Remix.run Logo
vidarh 5 hours ago

Rather than an LLM=true, this is better handled with standardizing quiet/verbose settings, as this is a question of verbosity, where an LLM is one instance where you usually want it to be quieter, but not always.

Secondly, a helper to capture output and cache it, and frankly a tool or just options to the regular shell/bash tools to cache output and allow filtered retrieval of the cached output, as more so than context and tokens the frustration I have with the patterns shown is that often the agent will re-execute time-consuming tasks to retrieve a different set of lines from the output.

A lot of the time it might even be best to run the tool with verbose output, but it'd be nice if tools had a more uniform way of giving output that was easier to systematically filter to essentials on first run (while caching the rest).

iainmerrick 5 hours ago | parent | next [-]

Yes! After seeing a lot of discussions like this, I came up with a rule of thumb:

Any special accommodations you make for LLMs are either a) also good for humans, or b) more trouble than they're worth.

It would be nice for both LLMs and humans to have a tool that hides verbose tool output, but still lets you go back and inspect it if there's a problem. Although in practice as a human I just minimise the terminal and ignore the spam until it finishes. Maybe LLMs just need their own equivalent of that, rather than always being hooked up directly to the stdout firehose.

MITSardine 3 hours ago | parent | prev [-]

Yes, what's preventing the LLM from running myCommand > /tmp/out_someHash.txt ; tail out_someHash.txt and then greping or tailing around /tmp/out_someHash.txt on failure?

vidarh 3 hours ago | parent [-]

There isn't really anything other than training, but they generally don't. You probably can get them to do that with some extra instructions, but part of the problem - at least with Claude - is that it's really trigger-happy about re-running the commands if it doesn't get the results it likes, assuming the results reflects stale results. Even with very expensive (in time) scripts I often see it start a run, pipe it to a file, put it in the background, then loop on sleep statements, occasionally get "frustrated" and check, only to throw the results away 30 seconds after they are done because it's made an unrelated change.
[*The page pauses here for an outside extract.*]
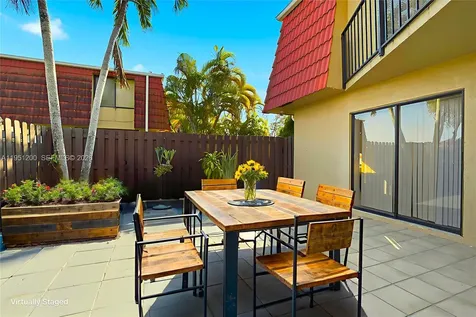 23024 Oxford Place Boca Raton FL 33433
A lot of the time this behaviour is probably right. But it's annoyingly hard to steer it to handle this correctly. I've had it do this even with make targets where the makefile itself makes clear the dependencies means it could trust the cached (in a file) results if it just runs make <target>. Instead I regularly find it reading the Makefile and running the commands manually to work around the dependency management.